Önümüzdeki 12 Haziran’da gerçekleşecek olan milletvekili genel seçimleri münasebetiyle, doğal olarak kamuoyunda yoğun bir hareketlilik var.
Tabiri caiz ise, meclise girmek amacıyla asillerden vekâlet almaya niyetlenenlerin harman zamanıdır; 12 Haziran tarihi.
Aday adayların tümü “Acaba bu harmandan ne kadar yararlanabilirim”in hesabını-kitabını yapmaya koyuldular.
Adayların belirlenmesi amacıyla oluşan uzun soluklu süreçte, elbette belli kıstasların aşılması gerekiyor.
Bilindiği üzere sürecin ilk aşamasında; yerelde temayül yoklamaları var.
Dolayısıyla, geçtiğimiz hafta Pazar günü Adıyaman’da, Ak Parti’nin temayül yoklaması yoğun bir katılımla gerçekleşti.
Sandıkların açılmasıyla birlikte hangi aday adayın kaç oy aldığı ve kaçıncı sırada yer aldığı genel merkezden önce yereldeki kamuoyu tarafından bilindi.
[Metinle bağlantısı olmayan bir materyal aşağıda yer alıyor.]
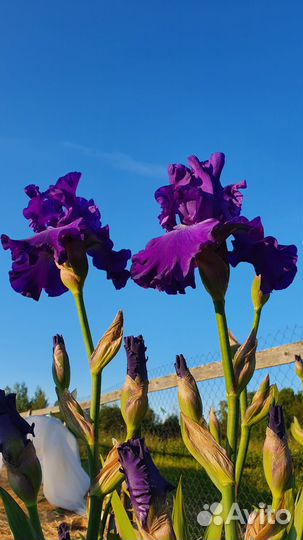 Ирисы бородатые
Söz konusu gelişmeye demokrasi gözlüğüyle bakıldığında, sandıkların yerelde açılmış olması fevkalade olumlu bir durum.
Ancak çok iyi biliyoruz ki, temayül yoklamaları; aday belirleme sürecinde aşılması gereken birçok kriterin ilk aşaması olduğu için fazlada önemli değil.
Nedenine gelince; temayül sıralamasında ilk beşe girenler, adayların listesi belirginleştiğinde belki sıralamaya bile girmeyebilirler.
Temayülün kesin ve somut bir yanı olmaması münasebetiyle, sandıkların parti genel merkezine varmadan yerelde açılmış olması; Ak Parti’yi yıpratabilir.
Örneğin; temayülde ilk sıralarda yer alan isimler, aday olamadıklarını anladıkları andan itibaren çevresindekilerle birlikte partiye küserek, köşelerine çekilebilirler. Hatta ayrılmaları bile söz konusu olabilir.
Malum olumsuzlukların yaşanmaması bakımından sandıkların açılmadan parti genel merkezine gönderilmesi en akılcı yöntem olurdu.
Zaten geçmişe doğru yolculuk yaptığımızda da, sürecin bu şekilde işlendiğini görmekteyiz.